The Charles Dickens Letters Project

Period: 
1841-1850
Theme(s): 
slavery
social issues

To JOSEPH DENMAN,1 16 DECEMBER 1850

MS Denman family papers

1 Devonshire Terrace

York Gate Regents Park

Monday Sixteenth December 1850.

My Dear Sir

     Allow me to thank you for your most gratifying and welcome letter, and for its accompanying papers2 -- which I will read immediately, with the utmost care and attention. You cannot too strongly represent to yourself the horror with which I contemplate that atrocity the Slave Trade,3 –- although I have (I must confess to you) had my doubts of the efficiency of the African Blockade.4 Of the truth and devotion of those engaged in it, I have never had a grain of distrust.

     I will do my best to arrive at a right conclusion on the subject; and even if I should differ from you on any detail, I am sure we shall agree in denouncing the inhuman traffic with our utmost might.

            Believe me My Dear Sir

                Very faithfully Yours

                CHARLES DICKENS

The Hon: Captain Denman.

  • 1. Joseph Denman (1810-74), second son of Thomas, 1st Baron Denman (Lord Chief Justice 1832-50); entered the Navy 1823; Capt. 1841, Rear-Admiral 1862, Vice-Admiral 1866. He served in anti-slavery patrols on the west coast of Africa, 1834-6, 1839-41. In Nov 1840, when he was in command of one of the cruisers of the African squadron, he distinguished himself by taking military possession of a baracoon (fortified warehouse) in Gallinas, and freeing the chained slaves, whom he sent under British protection to Liberia. His exploit was held justifiable (he had the agreement of local chiefs) and commended by the Prime Minister Lord John Russell, and the Foreign Secretary, Palmerston; their support saved him from paying damages to the Spanish slave-traders, who brought suit against him in Feb 48. Denman was shocked that the judges who heard the case refused to hold that slave-trading was piracy by the law of nations. see Charles Mitchell and Paul Mitchell (eds.) Landmark Cases in the Law of Tort (London: Bloomsbury, 2010), ch. 2, Burón v. Denman, 1848.
  • 2. Probably returns of vessels captured, and other papers supporting the thesis presented in Denman's The African Squadron and Mr.

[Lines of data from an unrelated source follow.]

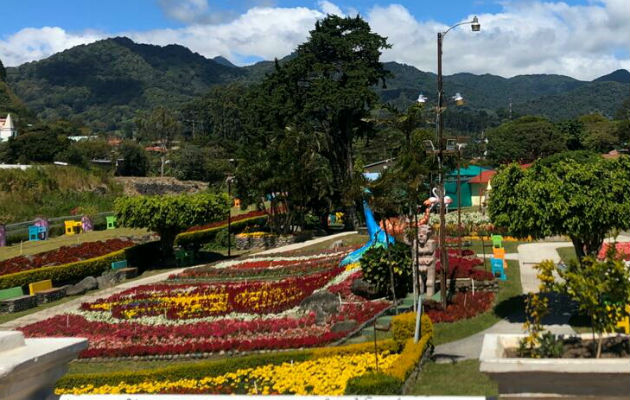  Esperan atraer cerca de 200 mil visitantes por las diversas atracciones que se tienen en la Feria de las Flores y del Café.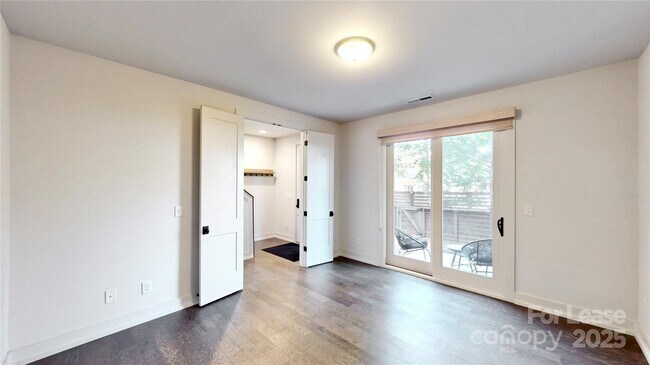 Building Photo - 4019 Plaza Row Ct
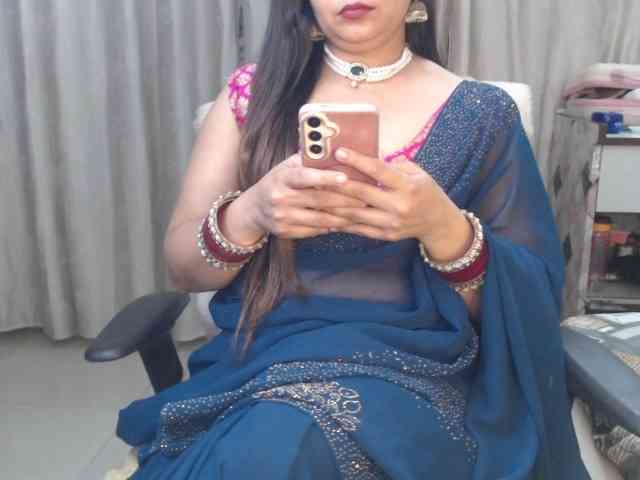 Mahimagic-doll webcam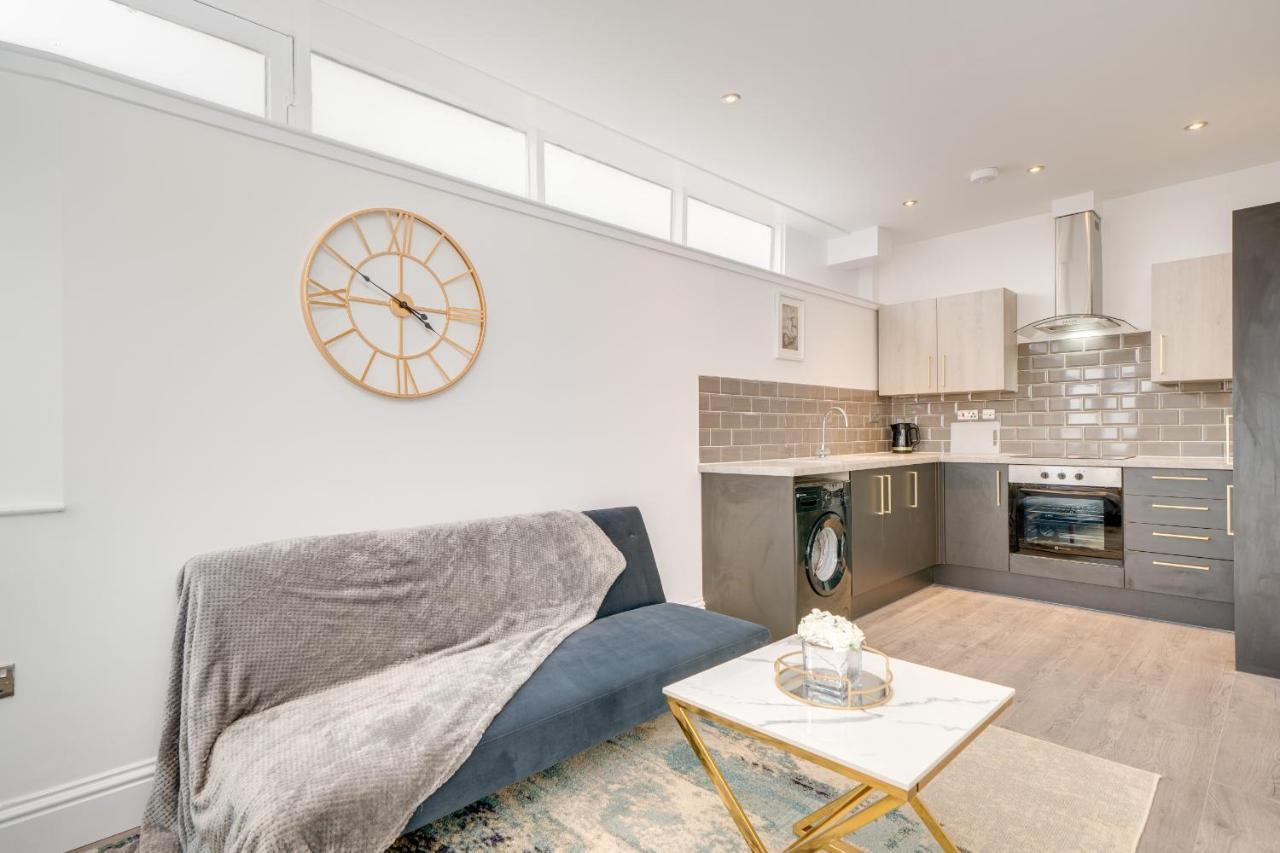 Town House Apartments 웨이크필드 외부 사진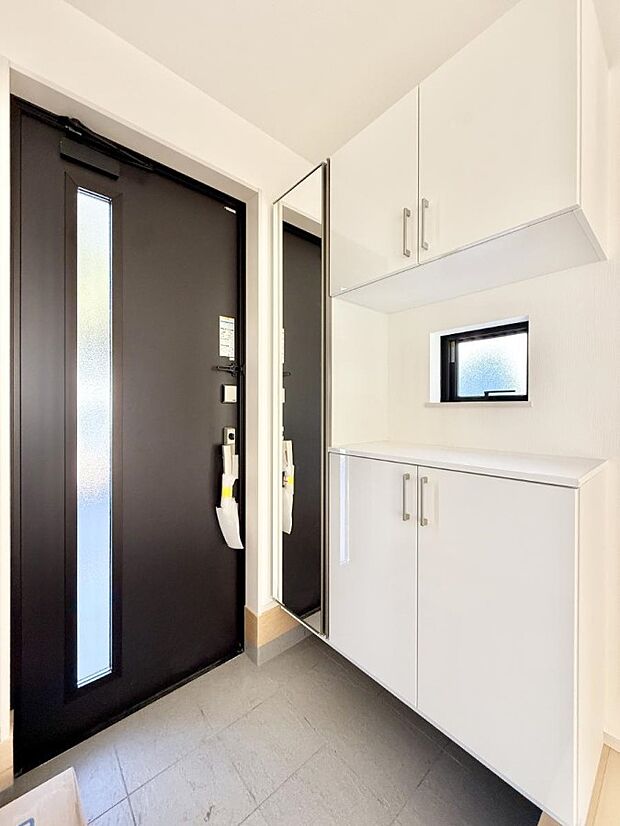 ■ シンプルで美しく、快適な暮らしの入り口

Hutt's Committee by the Hon. Captain Denman (2nd enlarged edn; London, 1850): that the squadron was effective when it used inshore cruising, because it was possible to capture empty vessels and to prevent slavers from leaving (the alternative was offshore cruising and pursuit of loaded ships). William Hutt MP (1801-82), a leading opponent of the Blockade (and later instrumental in the UK's annexation of New Zealand), had chaired a Select Committee which produced two reports (one of evidence, the other of analysis and resolutions) in 1849; the resolutions against the Blockade were passed only by Hutt's casting vote. On 19 Mar 1850 Hutt's motion for negotiations to release Britain from treaty obligations to maintain the squadron was defeated; see Hansard, HC Deb 19 March 1850 vol 109 cc1093-184.
  • 3. On the same day on which he wrote to Denman, CD penned a letter to Denman's father, the Lord Chief Justice, also in connection with slavery: "I need not say to you that I have an inexpressible horror of slavery and all its atrocities; but I have avoided (as yet) any more distinct expression of opinion on the subject than is suggested by the article to which you refer, because I am not satisfied that the African Blockade advances the great end it is designed to promote. I cannot reconcile its efficacy with such accounts of its effects as I have been able to find in the Parliamentary Reports. But, being sincerely anxious to arrive at a right conclusion, I will carefully read the papers I have received from Captain Denman, and, in particular, the document to which you call my attention" (Pilgrim Letters 6, pp. 236-7).
  • 4. The naval blockade of the west coast of Africa, begun in 1819, to prevent the shipping of slaves to the sugar-plantations of Brazil and Cuba. In two articles in Household Words the Blockade was represented as ineffective, and as leading to suffering or even death for slaves, who were sometimes thrown overboard when a slave-ship was being pursued; see [Alfred Whaley Cole], "'Good Intentions.' A Story of the African Blockade" (Household Words 2 [5 Oct 1850]: 45-7) and [Franklin Fox and W.H. Wills], "A Cape Coast Cargo" (Household Words 2 [7 Dec 1850]: 252-7).